» **WORK TASK**
Transcribe exactly the lines from the one holding "노릇하게 구워진 중국식 교자가 접시에 담겨 있다." through the closing line of the entries below. Pictures stay out of the copy.

PROVIDED DATA START

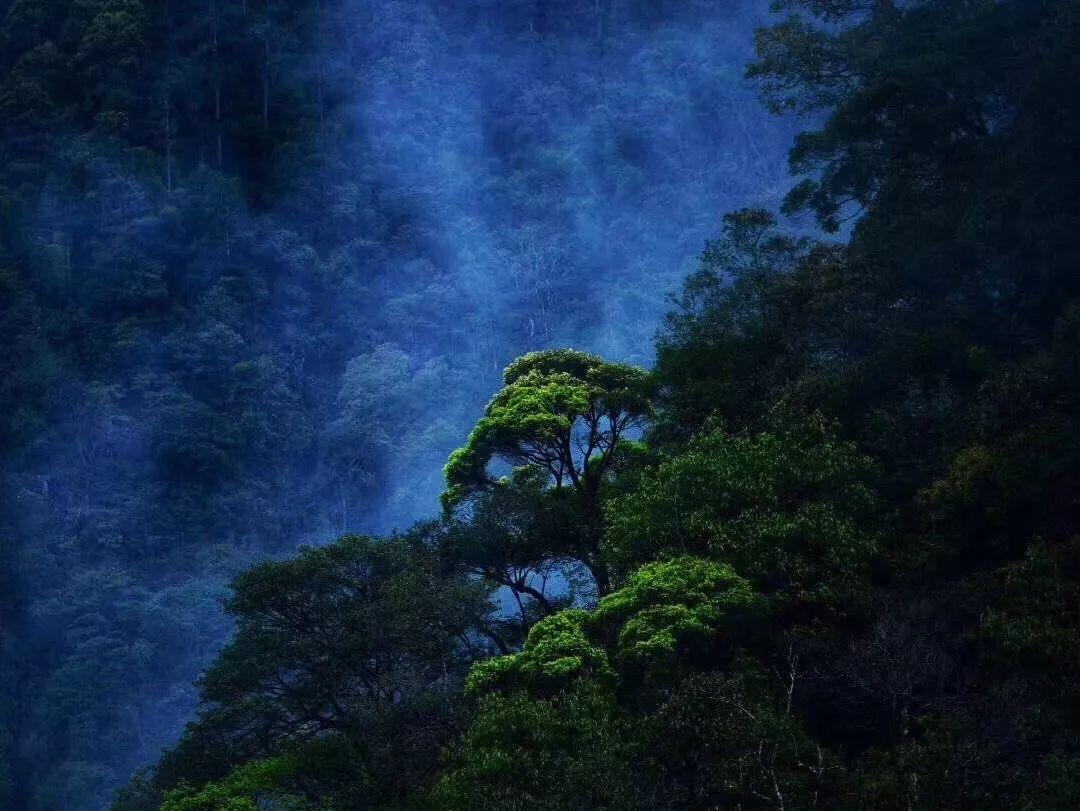 未知的岛屿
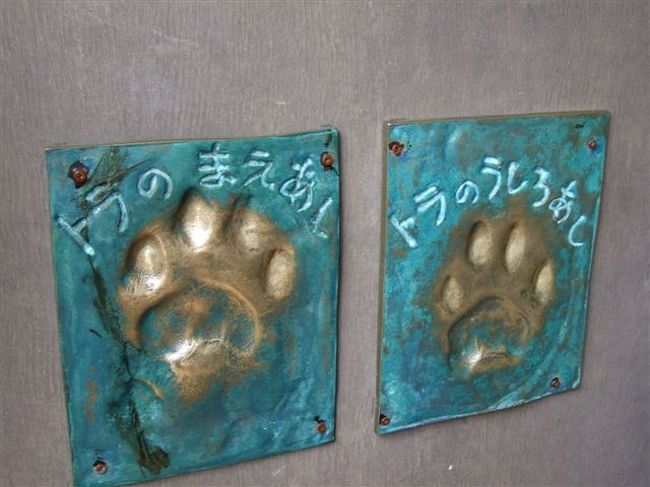 もうじゅう館<br /><br />トラの前足と後ろ足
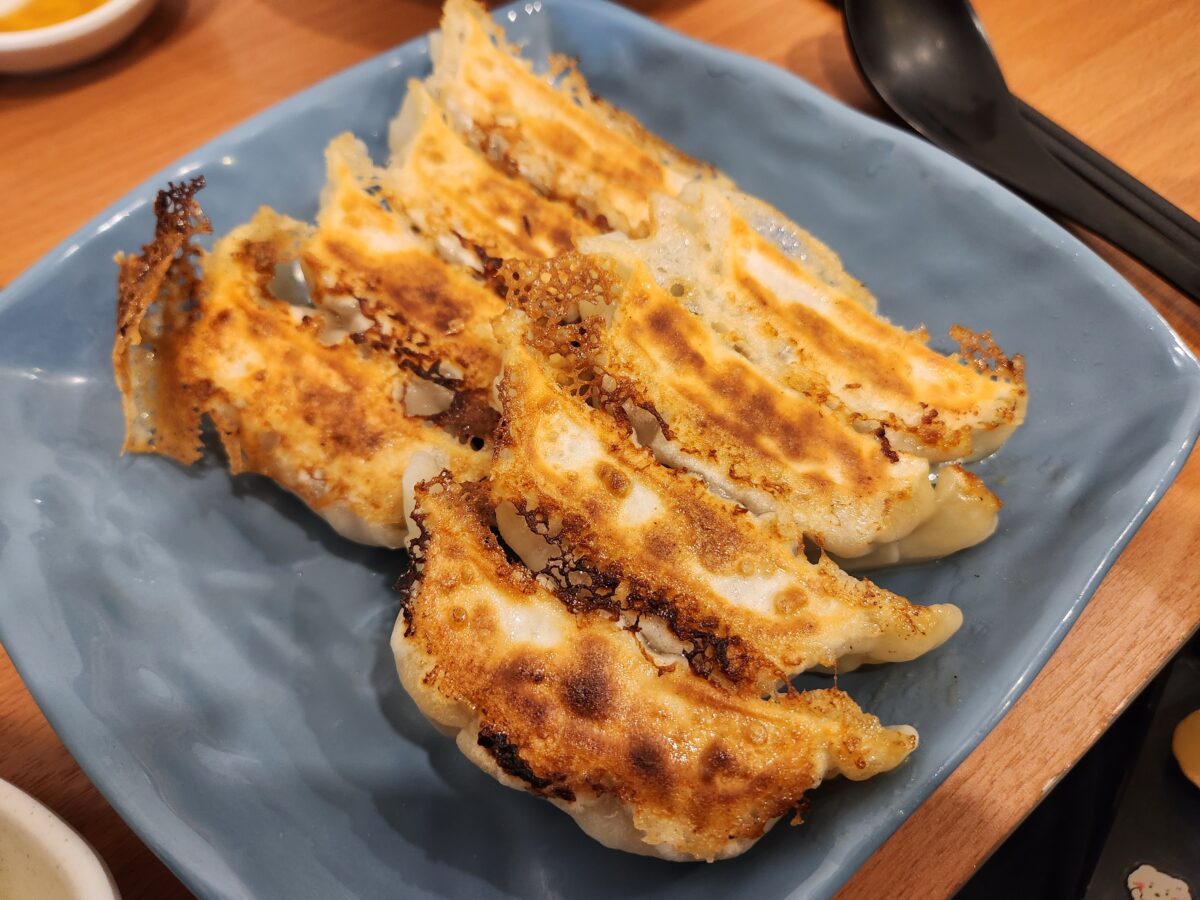 노릇하게 구워진 중국식 교자가 접시에 담겨 있다.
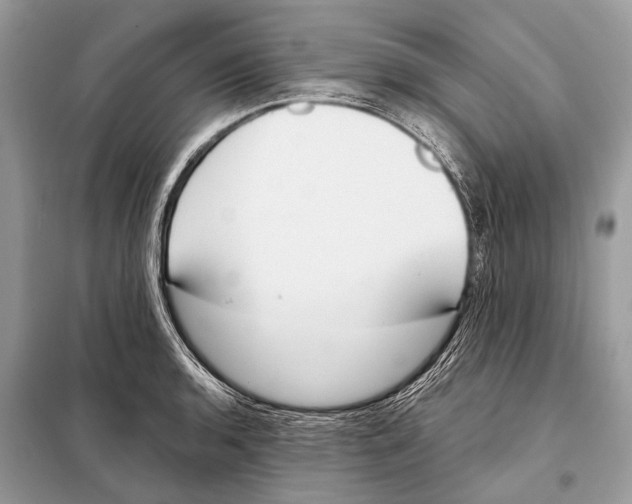 X0000098101136200805021103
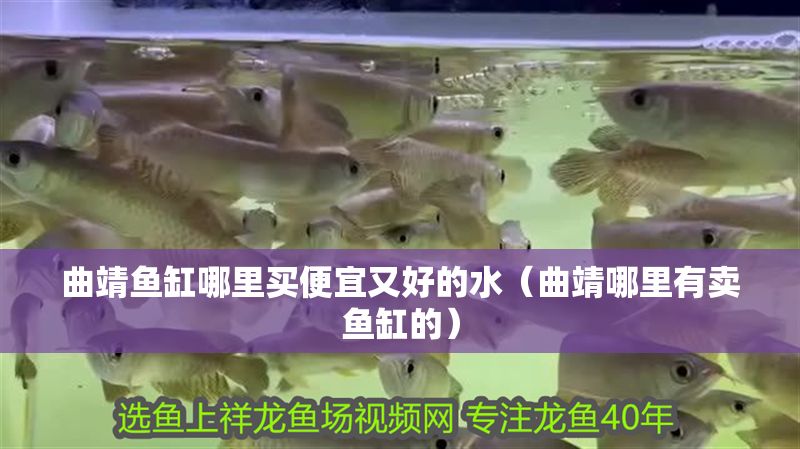 曲靖魚缸哪里買便宜又好的水（曲靖哪里有賣魚缸的）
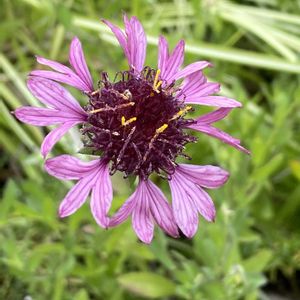 ガイラルディア,ガイラルディア,ニチニチソウ,ニチニチソウ,ニチニチソウの画像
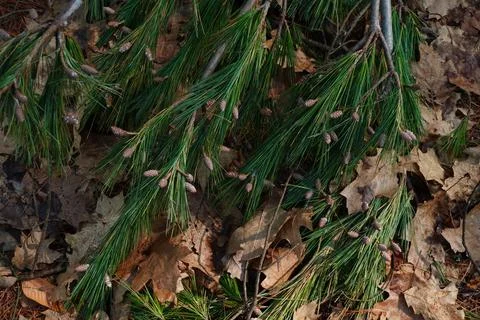 Pine branches with numerous small cones rest on a bed of fallen brown oak leaves Stock-Fotos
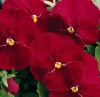 виола11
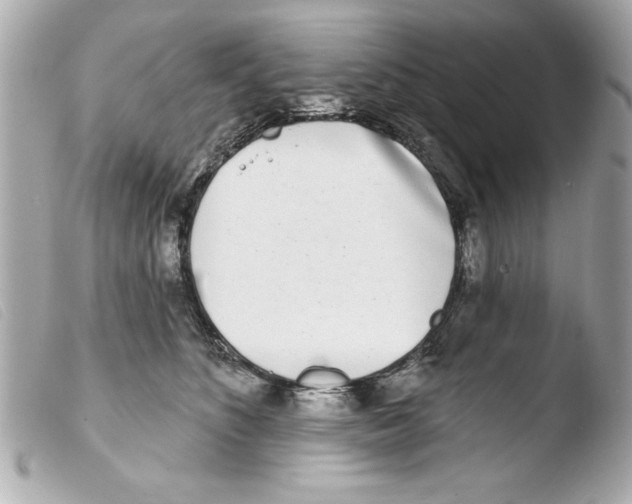 X0000103470516200810100938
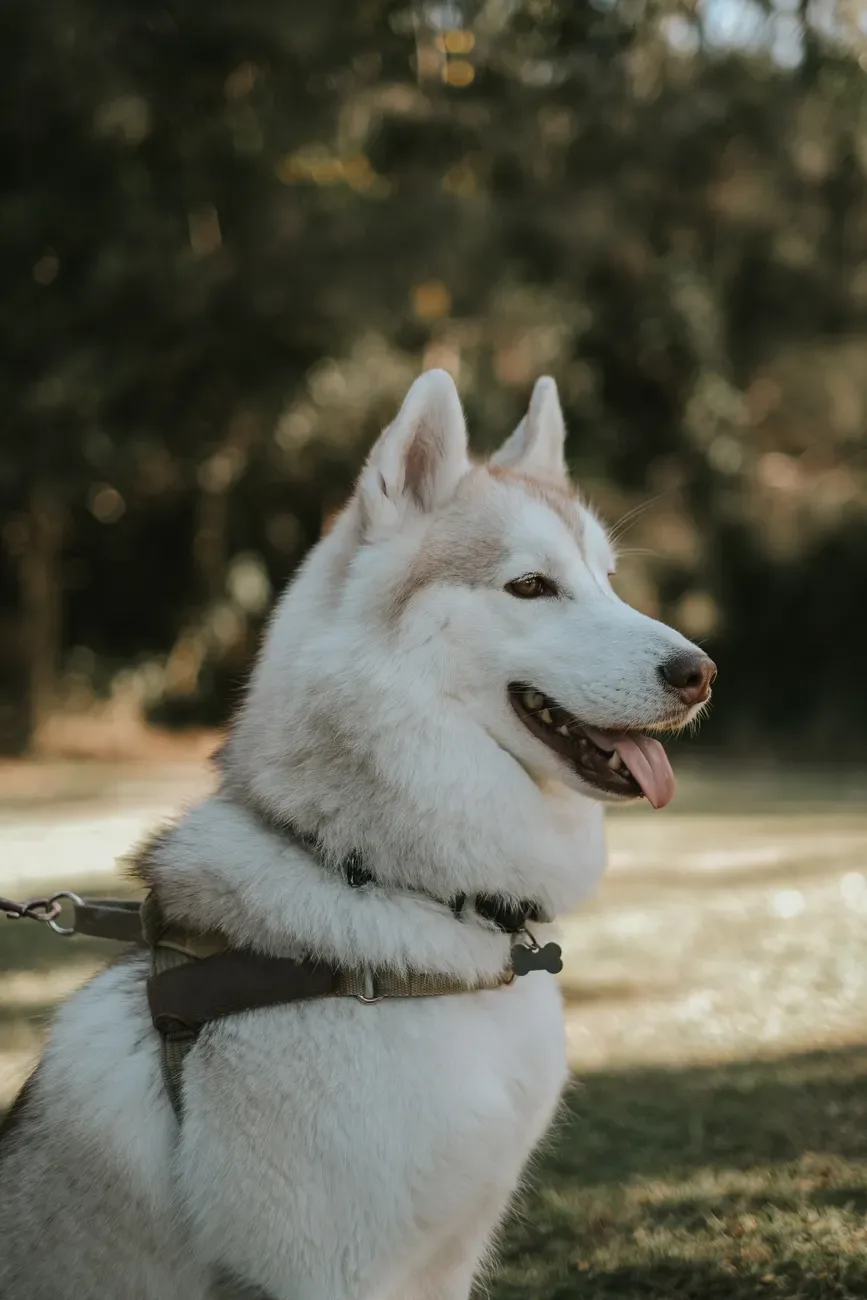 Harnais et laisse chien Julius-K9 M — photo 1 sur 2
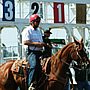 Sonoma County Fair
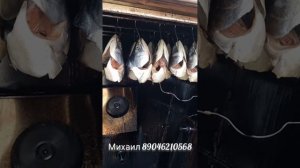 ГОЛОВЫ ГОРЯЧЕГО КОПЧЕНИЯ!!!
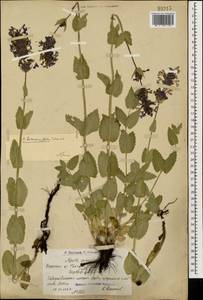Nepeta betonicifolia, Caucasus, Armenia (K5) (Armenia)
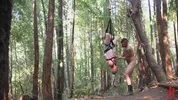 Dominação hard na floresta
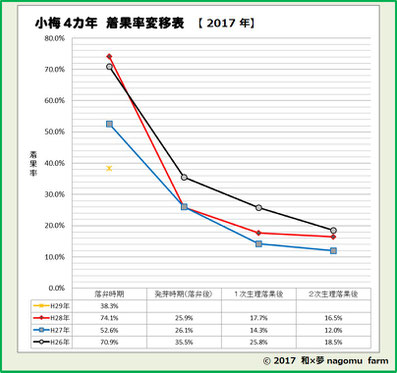 小梅4カ年 着果数変移表【2017】 和×夢 nagomu farm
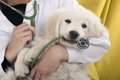 【超危険】犬が飲み…の画像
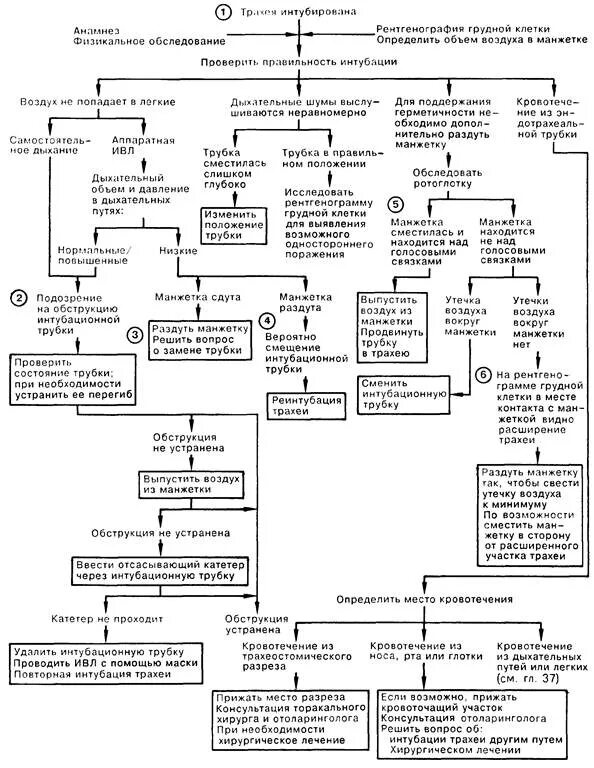 Последствия интубационной трубки. Состояние мозга при интубации трахеи. Осложнения после интубационной трубки. Интубация трахеи на рентгене легких. Осложнения интубации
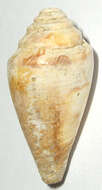 Image de Conus desidiosus A. Adams 1854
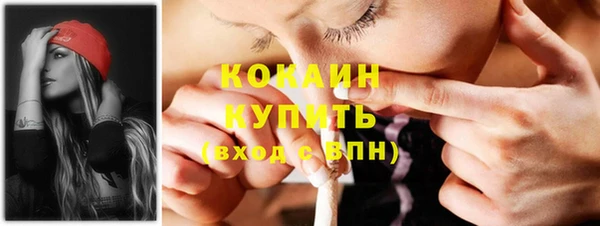 ГАЛЛЮЦИНОГЕННЫЕ ГРИБЫ Аркадак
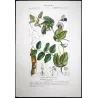 Wild Pea  *Pisum arvense* Original hand-colored engraving by Turpin, Antique Botanical Print (c.1835)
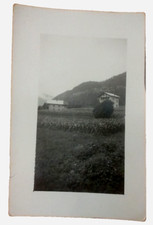 Celat Vallada Agordina - Belluno - cartolina fotogr. panorama masi case sparse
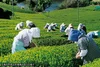 【冷茶専用】静岡茶水出し煎茶ティーバッグ(5g×20個入り)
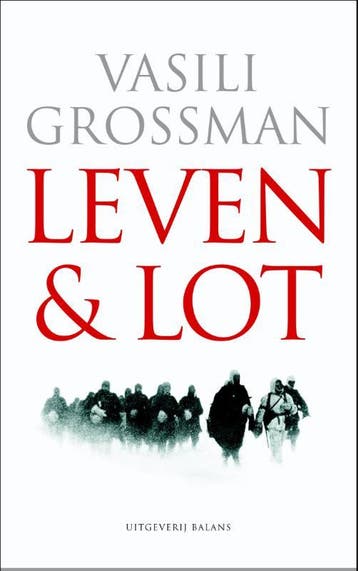 Leven en lot - Vassili Grossman 9789050188968, Boeken, Verzenden, Gelezen, Vassili Grossman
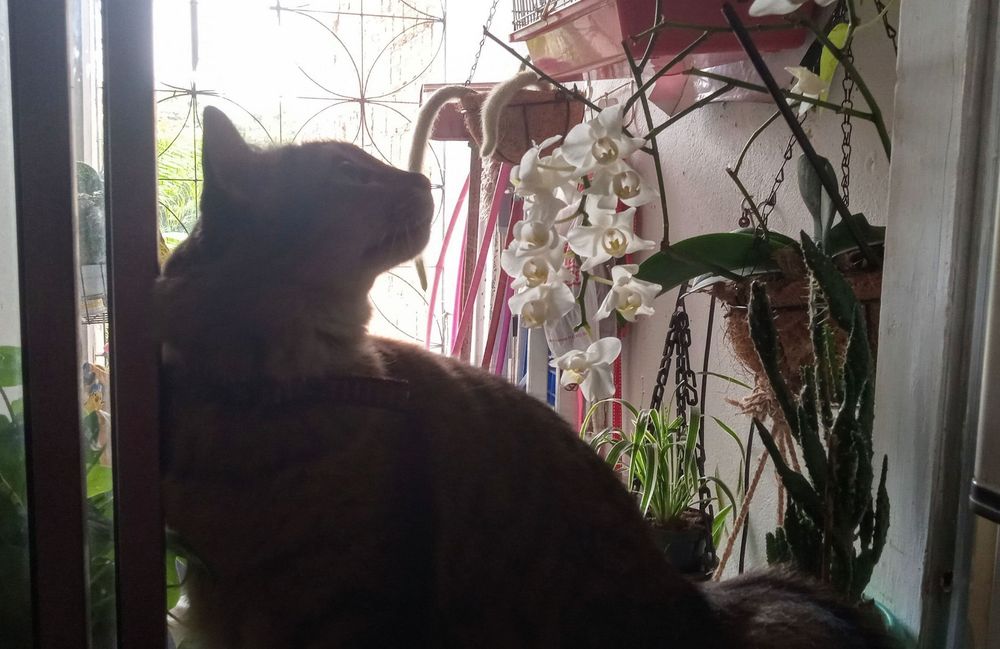 Gata marrom de perfil em uma janela. Ao lado dela um vaso com um cacto. Atrás do vaso do cacto um vaso com orquídeas brancas.
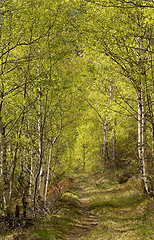 Image showing Forest pathway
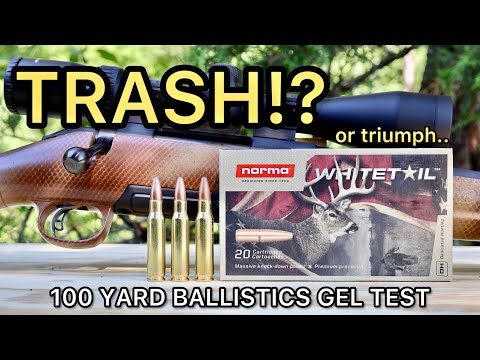 308 Winchester Norma Whitetail Ballistik-Gel-Munitionstest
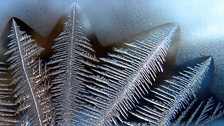 Фото: photoholic1/flickr.com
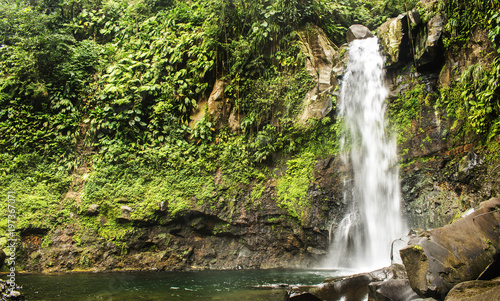 Fototapeta Naklejka Na Ścianę i Meble -  Wasserfall im Regenwald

PROVIDED DATA END

» **SOLUTION BELOW**
 노릇하게 구워진 중국식 교자가 접시에 담겨 있다.
 X0000098101136200805021103
 曲靖魚缸哪里買便宜又好的水（曲靖哪里有賣魚缸的）
 ガイラルディア,ガイラルディア,ニチニチソウ,ニチニチソウ,ニチニチソウの画像
 Pine branches with numerous small cones rest on a bed of fallen brown oak leaves Stock-Fotos
 виола11
 X0000103470516200810100938
 Harnais et laisse chien Julius-K9 M — photo 1 sur 2
 Sonoma County Fair
 ГОЛОВЫ ГОРЯЧЕГО КОПЧЕНИЯ!!!
Nepeta betonicifolia, Caucasus, Armenia (K5) (Armenia)
 Dominação hard na floresta
 小梅4カ年 着果数変移表【2017】 和×夢 nagomu farm
 【超危険】犬が飲み…の画像
 Последствия интубационной трубки. Состояние мозга при интубации трахеи. Осложнения после интубационной трубки. Интубация трахеи на рентгене легких. Осложнения интубации
 Image de Conus desidiosus A. Adams 1854
 ГАЛЛЮЦИНОГЕННЫЕ ГРИБЫ Аркадак
 Wild Pea  *Pisum arvense* Original hand-colored engraving by Turpin, Antique Botanical Print (c.1835)
 Celat Vallada Agordina - Belluno - cartolina fotogr. panorama masi case sparse
 【冷茶専用】静岡茶水出し煎茶ティーバッグ(5g×20個入り)
 Leven en lot - Vassili Grossman 9789050188968, Boeken, Verzenden, Gelezen, Vassili Grossman
 Gata marrom de perfil em uma janela. Ao lado dela um vaso com um cacto. Atrás do vaso do cacto um vaso com orquídeas brancas.
 Image showing Forest pathway
 308 Winchester Norma Whitetail Ballistik-Gel-Munitionstest
 Фото: photoholic1/flickr.com
 Fototapeta Naklejka Na Ścianę i Meble -  Wasserfall im Regenwald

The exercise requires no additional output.